FMT - Education

author:	Frank Groeneveld
title:	Benchmarking and Optimisation of Engage!-based XML Parsers
keywords:	parsing, generative techniques, .NET Core
topics:	Algorithms and Data Structures , Case studies and Applications , Software Technology
committee:	Vadim Zaytsev
started:	November 2020
end:	January 2021

Description

There are dozens of various parsing techniques in existence, but all of them can be cleanly classified into two disjunct categories: tree-based and event-based ones. Most parsing techniques are tree-based, they use some restrictions about the input (specified in a form of a grammar, a regular expression, or any other kind of constraint) to either refuse the input as incorrect, or to build a consistent data structure from it (traditionally, a tree, hence the name, but in general some kind of object). Event-based techniques, also called reactive parsing techniques, work differently: they process the input as a stream, not as a fixed length string, and react in some way to the events (such as tokens) of the input. The easiest example is XML parsing, for which there is DOM, which is tree-based: you run it once, it must consume the entire input, and you get the entire tree back; and there is SAX, to which you keep addressing queries like "opening of the next tag

". Usually it is assumed that tree-based parsing techniques are easier to understand, and faster for small pieces of data; event-based techniques are much better for huge files — looking for a particular line in a multi-gigabyte file is blazingly fast when you do not have to store its entire contents in memory.
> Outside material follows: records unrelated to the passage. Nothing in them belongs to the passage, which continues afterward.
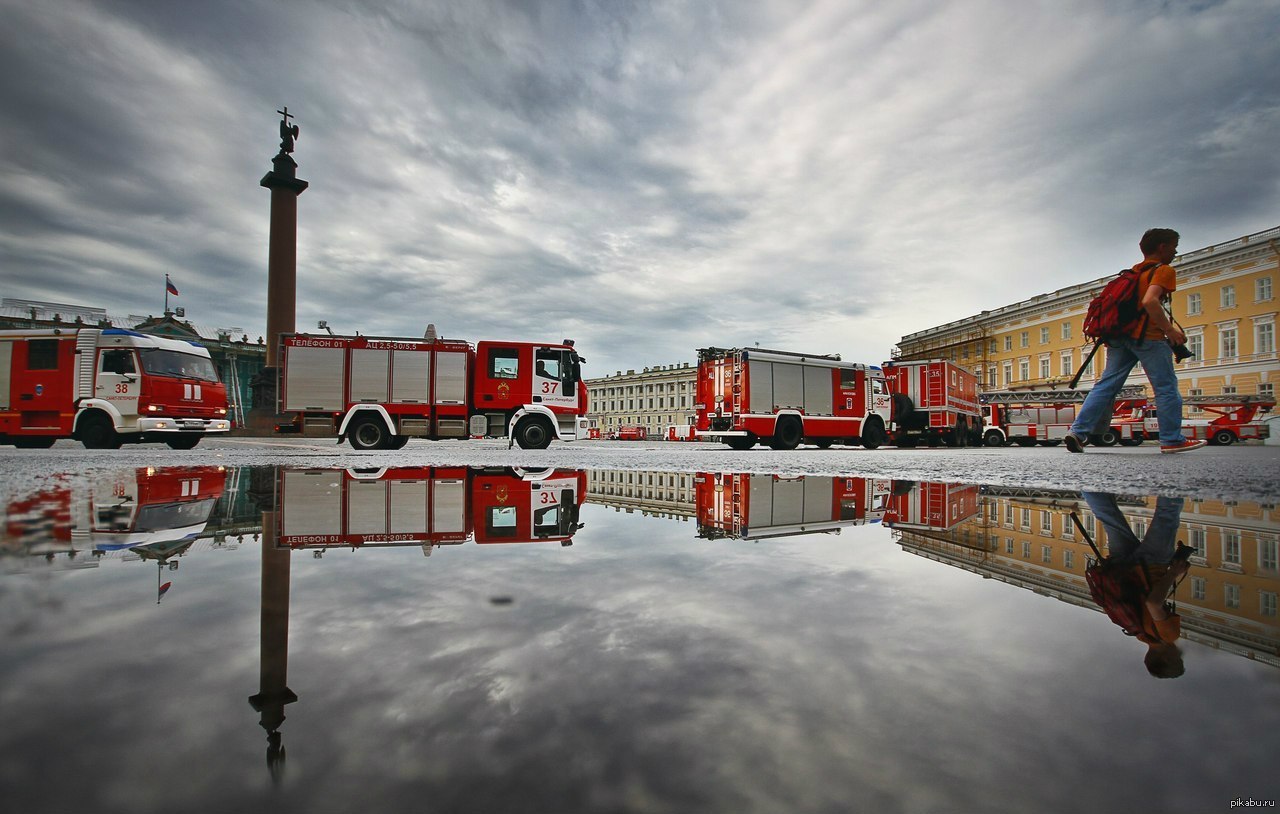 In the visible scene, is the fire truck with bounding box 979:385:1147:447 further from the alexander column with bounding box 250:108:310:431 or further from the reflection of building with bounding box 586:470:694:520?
the alexander column with bounding box 250:108:310:431

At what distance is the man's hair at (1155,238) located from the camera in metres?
7.26

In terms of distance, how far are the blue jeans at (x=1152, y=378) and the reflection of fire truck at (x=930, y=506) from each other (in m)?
4.06

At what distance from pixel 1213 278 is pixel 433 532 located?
203 feet

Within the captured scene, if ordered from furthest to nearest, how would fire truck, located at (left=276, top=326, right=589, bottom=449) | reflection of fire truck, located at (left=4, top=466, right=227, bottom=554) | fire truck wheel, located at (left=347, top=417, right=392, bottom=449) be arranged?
fire truck wheel, located at (left=347, top=417, right=392, bottom=449), fire truck, located at (left=276, top=326, right=589, bottom=449), reflection of fire truck, located at (left=4, top=466, right=227, bottom=554)

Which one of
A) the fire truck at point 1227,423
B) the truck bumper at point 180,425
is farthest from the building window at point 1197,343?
the truck bumper at point 180,425

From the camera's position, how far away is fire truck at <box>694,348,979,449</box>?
A: 16703 millimetres

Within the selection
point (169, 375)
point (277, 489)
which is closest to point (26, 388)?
point (169, 375)

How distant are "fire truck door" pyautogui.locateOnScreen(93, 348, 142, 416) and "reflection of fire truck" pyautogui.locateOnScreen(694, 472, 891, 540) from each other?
547 inches

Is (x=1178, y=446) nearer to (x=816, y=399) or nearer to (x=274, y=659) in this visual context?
(x=816, y=399)

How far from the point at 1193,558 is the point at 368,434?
1554 cm

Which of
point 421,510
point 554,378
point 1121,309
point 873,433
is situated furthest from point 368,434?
point 1121,309

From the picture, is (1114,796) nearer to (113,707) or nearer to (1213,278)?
(113,707)

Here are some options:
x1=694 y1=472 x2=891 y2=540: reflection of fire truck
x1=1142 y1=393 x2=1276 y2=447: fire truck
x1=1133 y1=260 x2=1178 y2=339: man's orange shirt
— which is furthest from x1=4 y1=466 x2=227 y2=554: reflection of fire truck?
x1=1142 y1=393 x2=1276 y2=447: fire truck

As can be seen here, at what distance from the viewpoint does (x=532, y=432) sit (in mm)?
15133
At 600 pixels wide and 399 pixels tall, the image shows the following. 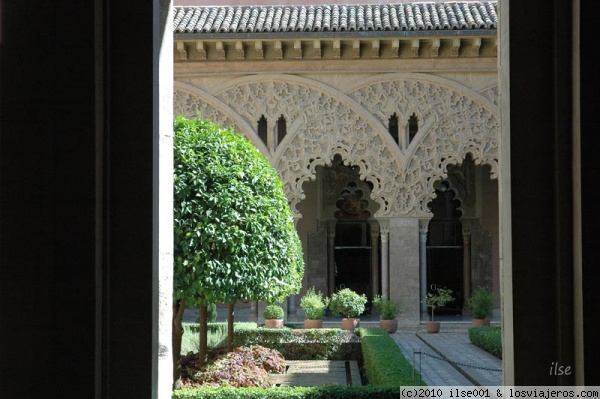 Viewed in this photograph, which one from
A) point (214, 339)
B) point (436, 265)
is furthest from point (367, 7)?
point (214, 339)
Last year Engage! was written, as the first attempt to formalise the process of event-based parsing, up to the point of providing a language to write event-based specifications (like people can write tree-based specifications in ANTLR, SDF, Rascal, bison, yacc, etc). It was published with a small case study that showed that the generated event-based parser had comparable or better performance to a generated tree-based PEG parser.

This project will serve as a continuation of that work. In particular:

Engage! has a tokeniser that consumes the entire input before producing a string of tokens — it can be easily rewritten to work on streams, and then tested differentially with the old implementation, demonstrating exactly the same behaviour with better performance for larger inputs.
Engage! is the only event-based parser generator, but there are many popular manually written event-based parsers. By reimplementing the features of one of them — say, SAX, differences between generator-produced and handmade parsers can be investigated in detail. Will the handmade parser consistently outperform the generated one? Will there be a class of tasks where it will be otherwise? Will there be a class of tasks where the difference will be especially drastic? Can we optimise the generator to lessen the gap?
Doing a substantial case study may demand, or at least provide ideas for, extensions of the original language of Engage!

Engage! is written in C# and also generates C# code. C# is a general purpose language similar to Java (but newer and slightly nicer), it works on all platforms on top of .NET Core, and has great IDE support in the form of Rider or Visual Studio.